Short web captions:
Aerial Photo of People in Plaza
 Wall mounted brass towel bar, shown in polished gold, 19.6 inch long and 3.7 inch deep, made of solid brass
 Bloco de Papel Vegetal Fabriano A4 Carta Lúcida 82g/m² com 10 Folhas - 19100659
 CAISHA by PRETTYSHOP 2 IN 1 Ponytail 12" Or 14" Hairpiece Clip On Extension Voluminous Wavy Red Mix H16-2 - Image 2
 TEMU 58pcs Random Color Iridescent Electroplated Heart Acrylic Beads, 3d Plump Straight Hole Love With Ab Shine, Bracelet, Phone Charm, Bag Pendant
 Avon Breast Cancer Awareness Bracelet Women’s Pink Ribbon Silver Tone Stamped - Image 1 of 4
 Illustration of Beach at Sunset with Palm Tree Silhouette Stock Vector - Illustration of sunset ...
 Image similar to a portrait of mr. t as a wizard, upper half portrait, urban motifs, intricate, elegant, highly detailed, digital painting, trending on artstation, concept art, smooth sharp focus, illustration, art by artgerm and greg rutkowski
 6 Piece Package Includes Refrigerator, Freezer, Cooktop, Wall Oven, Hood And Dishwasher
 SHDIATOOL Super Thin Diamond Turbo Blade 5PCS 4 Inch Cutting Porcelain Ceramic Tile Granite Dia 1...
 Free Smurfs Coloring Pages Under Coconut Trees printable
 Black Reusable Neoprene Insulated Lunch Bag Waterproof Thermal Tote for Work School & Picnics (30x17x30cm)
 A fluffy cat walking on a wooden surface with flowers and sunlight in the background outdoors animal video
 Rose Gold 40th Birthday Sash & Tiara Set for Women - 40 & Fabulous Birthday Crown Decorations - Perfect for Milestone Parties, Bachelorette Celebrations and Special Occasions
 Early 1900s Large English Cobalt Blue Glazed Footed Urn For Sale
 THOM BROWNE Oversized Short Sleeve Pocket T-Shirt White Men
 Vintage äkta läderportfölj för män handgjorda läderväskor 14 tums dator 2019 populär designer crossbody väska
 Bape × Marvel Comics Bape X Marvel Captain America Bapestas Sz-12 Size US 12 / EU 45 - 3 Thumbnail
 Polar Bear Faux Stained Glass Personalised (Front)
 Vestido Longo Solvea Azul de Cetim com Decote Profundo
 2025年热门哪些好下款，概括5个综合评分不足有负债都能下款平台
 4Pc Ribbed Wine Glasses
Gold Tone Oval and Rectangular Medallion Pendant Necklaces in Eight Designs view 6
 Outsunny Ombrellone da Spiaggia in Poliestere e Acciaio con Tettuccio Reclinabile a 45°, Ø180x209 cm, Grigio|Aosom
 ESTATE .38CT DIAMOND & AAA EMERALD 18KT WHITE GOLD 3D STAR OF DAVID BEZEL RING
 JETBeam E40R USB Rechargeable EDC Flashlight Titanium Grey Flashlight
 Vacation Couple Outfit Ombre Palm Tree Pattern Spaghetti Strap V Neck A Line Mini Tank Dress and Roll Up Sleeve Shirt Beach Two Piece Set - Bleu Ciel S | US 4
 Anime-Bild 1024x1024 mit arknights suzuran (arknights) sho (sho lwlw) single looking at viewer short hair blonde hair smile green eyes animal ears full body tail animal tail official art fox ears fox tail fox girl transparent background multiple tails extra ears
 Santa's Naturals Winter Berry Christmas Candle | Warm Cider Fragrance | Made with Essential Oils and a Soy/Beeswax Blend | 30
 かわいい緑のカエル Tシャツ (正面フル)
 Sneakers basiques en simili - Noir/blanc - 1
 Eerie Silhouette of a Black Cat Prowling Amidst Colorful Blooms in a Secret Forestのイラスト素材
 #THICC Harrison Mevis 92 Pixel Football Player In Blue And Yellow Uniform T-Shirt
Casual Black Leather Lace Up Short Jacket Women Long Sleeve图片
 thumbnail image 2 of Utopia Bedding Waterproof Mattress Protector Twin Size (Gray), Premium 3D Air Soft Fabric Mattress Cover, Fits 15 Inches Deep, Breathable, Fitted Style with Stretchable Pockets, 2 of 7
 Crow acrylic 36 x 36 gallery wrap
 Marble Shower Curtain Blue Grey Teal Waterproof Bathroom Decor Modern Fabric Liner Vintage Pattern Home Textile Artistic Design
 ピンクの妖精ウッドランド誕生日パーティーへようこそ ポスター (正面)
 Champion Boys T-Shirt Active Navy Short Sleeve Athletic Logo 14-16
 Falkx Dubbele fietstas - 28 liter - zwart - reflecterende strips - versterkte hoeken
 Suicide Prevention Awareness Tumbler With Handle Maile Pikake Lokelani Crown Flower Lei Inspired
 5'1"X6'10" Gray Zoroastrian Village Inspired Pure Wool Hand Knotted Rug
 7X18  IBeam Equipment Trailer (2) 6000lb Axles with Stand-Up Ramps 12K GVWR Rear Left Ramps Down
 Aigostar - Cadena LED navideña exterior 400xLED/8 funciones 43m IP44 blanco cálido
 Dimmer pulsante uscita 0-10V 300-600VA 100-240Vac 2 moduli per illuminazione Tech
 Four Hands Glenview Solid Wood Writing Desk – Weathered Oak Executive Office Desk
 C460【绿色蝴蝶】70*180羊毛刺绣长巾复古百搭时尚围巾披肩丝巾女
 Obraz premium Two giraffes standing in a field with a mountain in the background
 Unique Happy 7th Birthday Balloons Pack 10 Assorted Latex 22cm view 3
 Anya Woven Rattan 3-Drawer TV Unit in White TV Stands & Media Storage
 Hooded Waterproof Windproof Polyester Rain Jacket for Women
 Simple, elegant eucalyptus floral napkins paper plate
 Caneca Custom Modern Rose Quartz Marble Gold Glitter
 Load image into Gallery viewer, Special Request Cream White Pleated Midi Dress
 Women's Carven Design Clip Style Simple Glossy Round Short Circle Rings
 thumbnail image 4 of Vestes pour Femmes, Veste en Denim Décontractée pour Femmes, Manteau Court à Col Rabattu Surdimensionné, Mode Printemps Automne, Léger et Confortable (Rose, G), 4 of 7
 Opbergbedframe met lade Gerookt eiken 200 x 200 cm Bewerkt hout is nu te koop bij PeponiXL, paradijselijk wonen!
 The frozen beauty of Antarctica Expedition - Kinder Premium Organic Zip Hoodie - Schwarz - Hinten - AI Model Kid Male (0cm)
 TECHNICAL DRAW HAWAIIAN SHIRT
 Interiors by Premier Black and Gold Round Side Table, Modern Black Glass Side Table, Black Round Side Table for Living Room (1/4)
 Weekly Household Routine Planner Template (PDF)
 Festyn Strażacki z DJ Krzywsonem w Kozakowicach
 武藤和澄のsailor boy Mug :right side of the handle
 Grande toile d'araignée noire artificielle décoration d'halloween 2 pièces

Instructions for the task:
Find "Champion Boys T-Shirt" in the entries above and copy that whole line exactly, then each line after it through the line that contains "Four Hands Glenview".

Solved problem:
 Champion Boys T-Shirt Active Navy Short Sleeve Athletic Logo 14-16
 Falkx Dubbele fietstas - 28 liter - zwart - reflecterende strips - versterkte hoeken
 Suicide Prevention Awareness Tumbler With Handle Maile Pikake Lokelani Crown Flower Lei Inspired
 5'1"X6'10" Gray Zoroastrian Village Inspired Pure Wool Hand Knotted Rug
 7X18  IBeam Equipment Trailer (2) 6000lb Axles with Stand-Up Ramps 12K GVWR Rear Left Ramps Down
 Aigostar - Cadena LED navideña exterior 400xLED/8 funciones 43m IP44 blanco cálido
 Dimmer pulsante uscita 0-10V 300-600VA 100-240Vac 2 moduli per illuminazione Tech
 Four Hands Glenview Solid Wood Writing Desk – Weathered Oak Executive Office Desk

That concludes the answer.